Il nuovo Cep si è subito messo al lavoro. Occorre
verificare i tempi tecnici e i mezzi economici e definire un calendario
elettorale. Le opzioni sono due: dividere le legislative dalle presidenziali,
iniziando le elezioni a luglio per poi passare a ottobre, oppure indire
elezioni generali. «Abbiamo delle scadenze che ci vincolano. La lista
elettorale deve essere chiusa 90 giorni prima della data delle elezioni. Ma
oggi almeno un terzo degli elettori ha la tessera scaduta. Questa è un’altra
preoccupazione su cui decidere» ricorda Augustin.

Il 10 febbraio il Cep propone un calendario elettorale
con la prima opzione, ma viene duramente criticato dai partiti politici.

«Adesso non c’è aggressività nei confronti del
consiglio. Suppongo perché questo Cep è composto da tecnici e quindi non ci
sono interessi politici immediati.
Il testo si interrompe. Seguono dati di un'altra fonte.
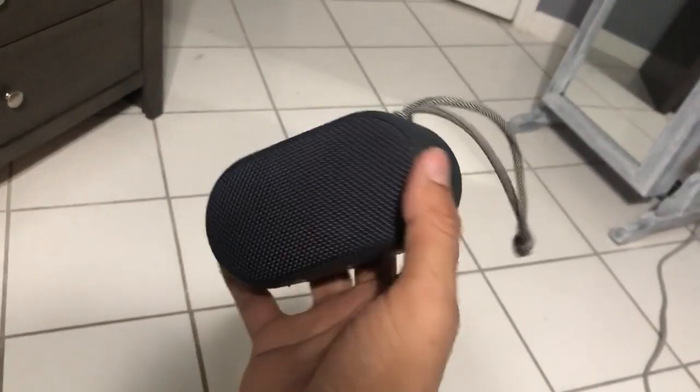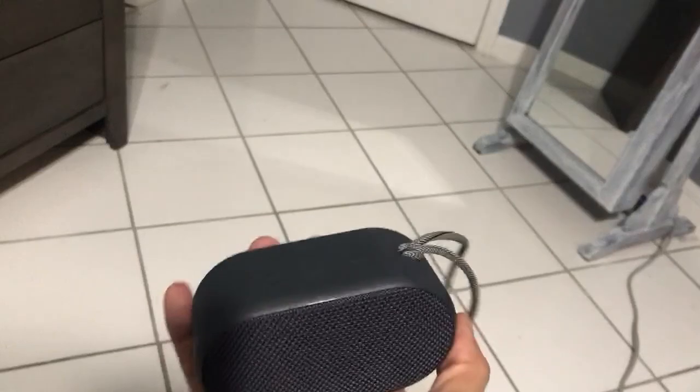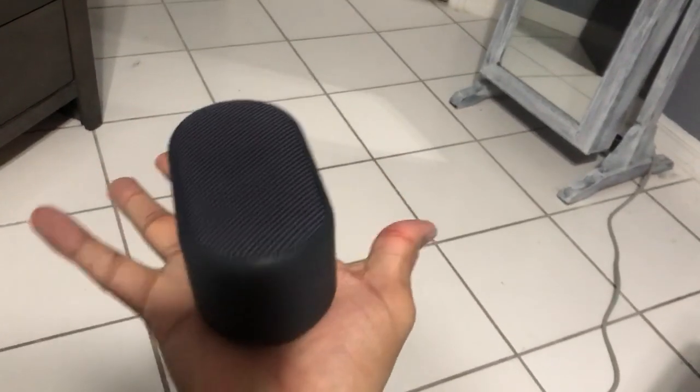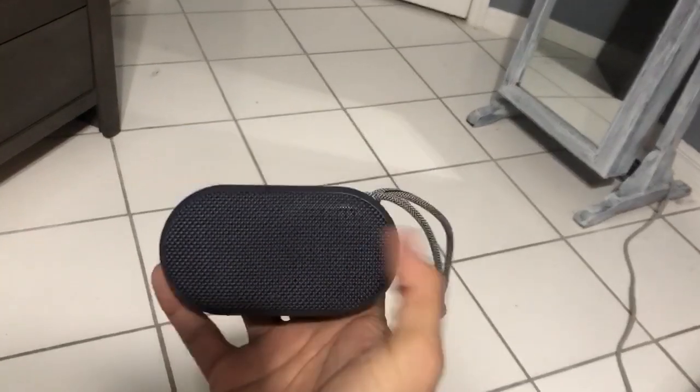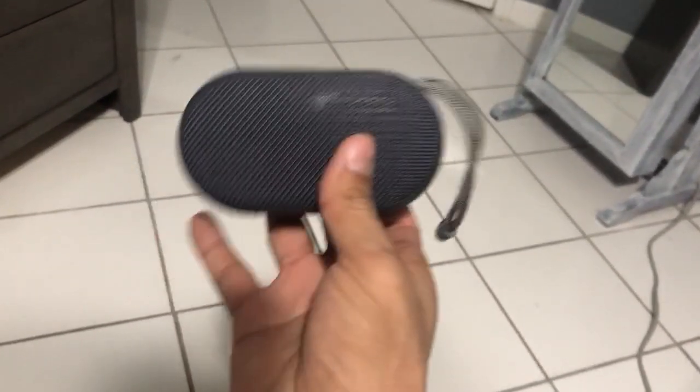I want to give you guys a quick review on this rugged portable Bluetooth speaker. It's about the size of my hand, maybe a little smaller. For the price, it's very well worth it.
La sfida per noi è riuscire a mantenere una
coesione nel gruppo, fare sì che le decisioni al nostro interno siano sempre
democratiche, con votazione per ogni decisione: siamo 9 e quindi si decide
almeno in 5».

Le
manifestazioni dei gruppi più radicali, che hanno spesso risvolti violenti,
possono avere una grande influenza su questo processo così delicato: «Per noi
l’obiettivo è anche creare un clima che permetta la realizzazione delle
elezioni. Se continuano queste manifestazioni la situazione diventa critica. La
questione è politica. Con questo comportamento possono arrivare a bloccare
tutto e impedire le consultazioni. Ma se non si fanno, è peggio per tutti».